How often are we actually cleaning and simply being present with each moment?
Have you ever spent time with your child only to realize your mind was elsewhere, unable to fully focus on them?
Maybe you’re preoccupied with something your parents once said about education, or you’re affected by how other parents perceive you. Maybe financial worries weigh you down, or you’re physically and mentally exhausted.
Even so, there are countless things we must do as parents each day—driving our children, preparing meals, helping them study, listening to their concerns, managing schedules. It often feels like modern parenting is a test of how efficiently and effectively we can manage these tasks. I’ve experienced this myself.
Now that my two children are in university, I can say with confidence: the most important part of parenting is being present in the “now” as your true self.
If you feel irritated, that’s a sign you’re off balance. When you are in balance, right actions naturally arise—even if they don’t match what you thought was “right” in your head.
The version of yourself who’s irritated or clinging to what’s “right” isn’t truly a parent, or even you. It’s a version controlled by memory, and that means you’ve lost touch with your true role. And when that’s the case, no matter how clearly you try to explain something, your child will only hear it through their own memories.
Even while practicing Ho’oponopono, we’re not just sitting still in silence. We speak, we act—and that’s okay. As parents, we have responsibilities.
But the crucial point is: Are we acting from love or from irritation? That’s where the path splits.
We are capable of being “present parents”—truly in the here and now. When our minds are clear and we are free from memory, we experience being with our children in the present moment, and what needs to be said or done through us naturally arises. Only then can children remember who they really are and learn what they are meant to learn.
Had I raised my children without Ho’oponopono, I would have missed many precious moments.
When cleaning, being with your child can feel as though time stands still.
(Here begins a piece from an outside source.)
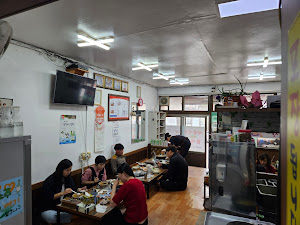 서성식당 – 해남군 감자탕 맛집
You are completely in the “now.”
And the truth is—that’s really difficult. We’re often on our phones, driving, or talking with someone else. But children sense everything. They can tell whether you are truly “there” with them.
My son used to watch me carefully and say, “Mama, Mama,” as if to wake me up. “Mama, be here with me.” That’s how attuned children are to their parent’s presence.
Without cleaning, I don’t think I could have truly been present with my children. Cleaning allows me to stay clear, to become a safe and steady presence for them. When a parent is simply present as their true self, the child can receive everything they need from Divinity—wisdom, timing, talents, health, abundance.
That’s why, especially because this moment is all we have, the best thing we can do as parents is to clean our own experiences and do our best to stay as our true selves in this very moment.